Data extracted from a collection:
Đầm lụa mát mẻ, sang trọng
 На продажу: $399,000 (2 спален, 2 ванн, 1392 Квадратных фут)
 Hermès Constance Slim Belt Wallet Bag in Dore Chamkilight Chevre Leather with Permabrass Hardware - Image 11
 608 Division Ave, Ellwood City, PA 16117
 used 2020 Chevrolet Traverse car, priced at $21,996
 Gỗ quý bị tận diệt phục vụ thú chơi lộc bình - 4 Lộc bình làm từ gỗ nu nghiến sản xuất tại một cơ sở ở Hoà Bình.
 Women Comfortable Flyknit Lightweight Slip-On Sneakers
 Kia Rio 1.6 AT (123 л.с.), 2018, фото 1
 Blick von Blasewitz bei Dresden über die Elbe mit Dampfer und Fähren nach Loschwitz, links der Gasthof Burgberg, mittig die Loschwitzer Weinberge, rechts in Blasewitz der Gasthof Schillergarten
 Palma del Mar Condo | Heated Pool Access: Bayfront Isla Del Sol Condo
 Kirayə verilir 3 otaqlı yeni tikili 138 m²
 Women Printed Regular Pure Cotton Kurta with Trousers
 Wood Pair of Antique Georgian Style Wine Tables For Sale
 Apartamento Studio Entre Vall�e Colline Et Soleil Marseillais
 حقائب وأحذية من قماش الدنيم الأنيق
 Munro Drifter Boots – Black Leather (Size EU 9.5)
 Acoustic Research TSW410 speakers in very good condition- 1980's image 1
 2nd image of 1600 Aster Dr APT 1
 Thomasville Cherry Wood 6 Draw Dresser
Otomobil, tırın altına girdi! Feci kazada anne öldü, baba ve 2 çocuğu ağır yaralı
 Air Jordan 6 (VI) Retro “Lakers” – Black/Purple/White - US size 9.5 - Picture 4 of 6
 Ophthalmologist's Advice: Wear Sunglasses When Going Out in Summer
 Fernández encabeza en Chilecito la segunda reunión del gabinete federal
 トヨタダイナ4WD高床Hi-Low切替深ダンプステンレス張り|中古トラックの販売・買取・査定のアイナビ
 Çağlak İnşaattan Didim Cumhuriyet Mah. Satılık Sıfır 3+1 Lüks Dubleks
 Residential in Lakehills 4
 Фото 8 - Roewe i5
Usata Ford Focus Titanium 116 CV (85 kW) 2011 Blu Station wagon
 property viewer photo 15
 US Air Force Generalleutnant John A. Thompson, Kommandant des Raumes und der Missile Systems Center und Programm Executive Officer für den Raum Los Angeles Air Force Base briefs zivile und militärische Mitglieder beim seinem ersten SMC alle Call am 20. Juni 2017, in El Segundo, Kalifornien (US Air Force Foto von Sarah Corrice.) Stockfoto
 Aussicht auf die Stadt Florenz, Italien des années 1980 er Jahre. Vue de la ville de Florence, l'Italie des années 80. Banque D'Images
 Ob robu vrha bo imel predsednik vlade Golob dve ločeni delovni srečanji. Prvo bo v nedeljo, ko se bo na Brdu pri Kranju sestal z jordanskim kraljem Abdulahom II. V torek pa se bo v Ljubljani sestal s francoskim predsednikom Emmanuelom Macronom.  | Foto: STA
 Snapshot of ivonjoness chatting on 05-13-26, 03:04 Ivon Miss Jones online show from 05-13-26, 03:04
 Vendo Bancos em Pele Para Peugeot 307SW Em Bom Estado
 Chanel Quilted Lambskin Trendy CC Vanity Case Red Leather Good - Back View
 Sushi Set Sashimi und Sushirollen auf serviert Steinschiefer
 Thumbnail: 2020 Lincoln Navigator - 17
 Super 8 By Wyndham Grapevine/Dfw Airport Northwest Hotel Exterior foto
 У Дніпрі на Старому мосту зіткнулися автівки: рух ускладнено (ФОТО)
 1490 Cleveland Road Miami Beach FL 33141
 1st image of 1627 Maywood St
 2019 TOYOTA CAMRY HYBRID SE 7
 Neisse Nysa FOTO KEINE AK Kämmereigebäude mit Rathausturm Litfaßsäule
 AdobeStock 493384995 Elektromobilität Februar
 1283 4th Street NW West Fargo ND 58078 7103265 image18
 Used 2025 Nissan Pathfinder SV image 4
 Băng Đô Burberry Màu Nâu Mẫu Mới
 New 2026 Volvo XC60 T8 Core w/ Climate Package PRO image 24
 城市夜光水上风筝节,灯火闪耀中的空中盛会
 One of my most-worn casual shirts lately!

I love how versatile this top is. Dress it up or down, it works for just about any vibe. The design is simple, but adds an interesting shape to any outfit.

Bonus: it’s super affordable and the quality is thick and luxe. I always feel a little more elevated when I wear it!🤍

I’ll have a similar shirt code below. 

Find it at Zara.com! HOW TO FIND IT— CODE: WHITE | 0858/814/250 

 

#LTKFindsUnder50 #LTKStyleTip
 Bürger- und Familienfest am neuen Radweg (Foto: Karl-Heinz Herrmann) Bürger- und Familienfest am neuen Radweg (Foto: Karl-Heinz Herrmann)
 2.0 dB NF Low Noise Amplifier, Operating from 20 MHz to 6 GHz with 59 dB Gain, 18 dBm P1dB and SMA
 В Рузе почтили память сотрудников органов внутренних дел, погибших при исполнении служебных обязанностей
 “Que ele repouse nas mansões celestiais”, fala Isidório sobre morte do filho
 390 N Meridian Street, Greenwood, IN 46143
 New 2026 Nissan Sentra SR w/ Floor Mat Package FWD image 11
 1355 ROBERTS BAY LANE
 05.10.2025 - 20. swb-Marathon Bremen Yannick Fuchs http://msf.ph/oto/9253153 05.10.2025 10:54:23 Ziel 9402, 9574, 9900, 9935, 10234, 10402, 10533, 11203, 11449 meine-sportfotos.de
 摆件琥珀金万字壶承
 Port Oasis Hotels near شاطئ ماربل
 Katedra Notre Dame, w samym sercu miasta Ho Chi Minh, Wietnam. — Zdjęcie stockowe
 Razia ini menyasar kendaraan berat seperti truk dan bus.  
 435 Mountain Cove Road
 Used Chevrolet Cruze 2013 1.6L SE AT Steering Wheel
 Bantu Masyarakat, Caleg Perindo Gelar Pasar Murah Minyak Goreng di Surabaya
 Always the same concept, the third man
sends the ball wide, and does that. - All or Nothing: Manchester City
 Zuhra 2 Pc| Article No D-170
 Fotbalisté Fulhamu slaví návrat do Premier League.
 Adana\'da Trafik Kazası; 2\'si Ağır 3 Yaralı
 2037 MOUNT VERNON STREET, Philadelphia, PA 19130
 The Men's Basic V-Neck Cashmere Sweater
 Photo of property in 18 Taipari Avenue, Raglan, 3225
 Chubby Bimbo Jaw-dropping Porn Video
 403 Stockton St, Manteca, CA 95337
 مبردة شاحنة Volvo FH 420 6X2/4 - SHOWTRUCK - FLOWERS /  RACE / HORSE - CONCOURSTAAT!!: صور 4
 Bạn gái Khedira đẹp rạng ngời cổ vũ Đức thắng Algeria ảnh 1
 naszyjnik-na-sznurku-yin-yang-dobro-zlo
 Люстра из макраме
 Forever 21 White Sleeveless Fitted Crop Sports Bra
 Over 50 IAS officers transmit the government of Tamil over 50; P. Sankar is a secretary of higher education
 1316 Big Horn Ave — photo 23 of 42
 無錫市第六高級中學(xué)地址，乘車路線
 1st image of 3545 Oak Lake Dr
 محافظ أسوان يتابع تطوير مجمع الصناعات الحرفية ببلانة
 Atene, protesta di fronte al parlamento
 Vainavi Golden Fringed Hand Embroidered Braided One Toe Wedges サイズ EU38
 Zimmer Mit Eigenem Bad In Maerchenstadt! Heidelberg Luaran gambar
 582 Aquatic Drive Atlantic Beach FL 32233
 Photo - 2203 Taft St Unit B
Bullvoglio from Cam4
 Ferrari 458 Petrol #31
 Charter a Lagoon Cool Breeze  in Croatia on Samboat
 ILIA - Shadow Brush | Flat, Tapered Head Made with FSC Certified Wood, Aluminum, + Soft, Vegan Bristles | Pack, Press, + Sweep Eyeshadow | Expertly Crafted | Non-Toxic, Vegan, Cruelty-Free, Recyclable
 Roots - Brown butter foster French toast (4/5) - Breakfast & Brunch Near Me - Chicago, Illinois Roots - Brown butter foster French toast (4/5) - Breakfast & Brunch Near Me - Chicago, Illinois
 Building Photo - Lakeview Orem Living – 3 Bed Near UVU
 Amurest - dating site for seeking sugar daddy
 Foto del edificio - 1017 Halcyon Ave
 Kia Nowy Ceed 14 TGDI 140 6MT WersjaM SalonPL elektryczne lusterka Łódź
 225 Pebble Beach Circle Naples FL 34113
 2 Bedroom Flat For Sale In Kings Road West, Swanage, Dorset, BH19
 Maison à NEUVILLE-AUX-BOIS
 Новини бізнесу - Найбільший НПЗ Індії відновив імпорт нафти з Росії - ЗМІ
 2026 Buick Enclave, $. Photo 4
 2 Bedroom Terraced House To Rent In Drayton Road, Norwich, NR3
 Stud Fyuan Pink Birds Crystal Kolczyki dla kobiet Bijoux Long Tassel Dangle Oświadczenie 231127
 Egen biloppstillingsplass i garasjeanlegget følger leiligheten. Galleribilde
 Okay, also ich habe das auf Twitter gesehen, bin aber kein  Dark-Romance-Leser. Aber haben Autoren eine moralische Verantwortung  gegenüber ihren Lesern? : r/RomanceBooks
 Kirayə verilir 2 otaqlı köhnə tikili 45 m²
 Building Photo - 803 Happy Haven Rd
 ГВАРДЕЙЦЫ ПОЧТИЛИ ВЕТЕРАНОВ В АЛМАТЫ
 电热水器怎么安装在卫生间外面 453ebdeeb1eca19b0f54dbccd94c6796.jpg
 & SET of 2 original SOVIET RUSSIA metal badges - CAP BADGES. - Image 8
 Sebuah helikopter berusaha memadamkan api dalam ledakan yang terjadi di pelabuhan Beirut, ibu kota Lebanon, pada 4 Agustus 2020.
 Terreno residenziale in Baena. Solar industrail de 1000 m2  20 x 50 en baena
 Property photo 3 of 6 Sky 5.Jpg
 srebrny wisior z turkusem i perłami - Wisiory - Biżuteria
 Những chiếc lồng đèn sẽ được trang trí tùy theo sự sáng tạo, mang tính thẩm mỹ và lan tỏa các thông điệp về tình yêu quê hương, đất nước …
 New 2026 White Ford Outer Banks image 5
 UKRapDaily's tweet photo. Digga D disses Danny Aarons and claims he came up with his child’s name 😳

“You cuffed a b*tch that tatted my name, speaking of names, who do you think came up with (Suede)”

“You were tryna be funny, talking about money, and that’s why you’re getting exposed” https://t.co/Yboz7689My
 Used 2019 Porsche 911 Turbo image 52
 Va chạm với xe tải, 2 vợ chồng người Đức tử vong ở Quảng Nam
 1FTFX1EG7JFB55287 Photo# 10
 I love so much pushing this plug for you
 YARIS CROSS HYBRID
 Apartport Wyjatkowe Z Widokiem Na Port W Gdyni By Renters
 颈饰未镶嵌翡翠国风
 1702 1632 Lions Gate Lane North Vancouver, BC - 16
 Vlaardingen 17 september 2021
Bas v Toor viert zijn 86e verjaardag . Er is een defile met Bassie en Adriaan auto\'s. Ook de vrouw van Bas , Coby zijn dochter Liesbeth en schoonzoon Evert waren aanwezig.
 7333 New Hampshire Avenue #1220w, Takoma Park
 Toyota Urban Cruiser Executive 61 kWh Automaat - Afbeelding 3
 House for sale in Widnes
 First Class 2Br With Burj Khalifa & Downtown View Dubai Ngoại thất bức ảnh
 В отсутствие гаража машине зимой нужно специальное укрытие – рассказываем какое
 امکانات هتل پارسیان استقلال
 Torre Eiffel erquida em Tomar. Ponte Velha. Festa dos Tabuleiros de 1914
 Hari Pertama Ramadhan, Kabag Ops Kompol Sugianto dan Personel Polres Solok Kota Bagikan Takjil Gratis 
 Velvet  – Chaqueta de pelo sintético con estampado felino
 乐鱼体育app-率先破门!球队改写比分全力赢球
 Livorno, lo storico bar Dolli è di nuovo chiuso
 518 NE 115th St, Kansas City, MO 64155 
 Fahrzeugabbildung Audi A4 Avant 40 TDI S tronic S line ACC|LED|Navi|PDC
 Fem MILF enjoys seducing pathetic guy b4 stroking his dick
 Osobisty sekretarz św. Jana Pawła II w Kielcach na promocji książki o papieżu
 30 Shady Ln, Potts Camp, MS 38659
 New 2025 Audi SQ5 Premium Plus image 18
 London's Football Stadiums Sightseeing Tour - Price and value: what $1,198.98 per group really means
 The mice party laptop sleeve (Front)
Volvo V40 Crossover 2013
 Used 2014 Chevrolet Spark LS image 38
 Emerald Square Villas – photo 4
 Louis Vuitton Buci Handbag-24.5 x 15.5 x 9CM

• **EXERCISE BRIEF**:
Could you return exactly the lines above from the line with "30 Shady Ln, Potts Camp, MS 38659" to the line with "Emerald Square Villas – photo 4", both included, and nothing else?

• **RESPONSE TO THIS EXERCISE**:
 30 Shady Ln, Potts Camp, MS 38659
 New 2025 Audi SQ5 Premium Plus image 18
 London's Football Stadiums Sightseeing Tour - Price and value: what $1,198.98 per group really means
 The mice party laptop sleeve (Front)
Volvo V40 Crossover 2013
 Used 2014 Chevrolet Spark LS image 38
 Emerald Square Villas – photo 4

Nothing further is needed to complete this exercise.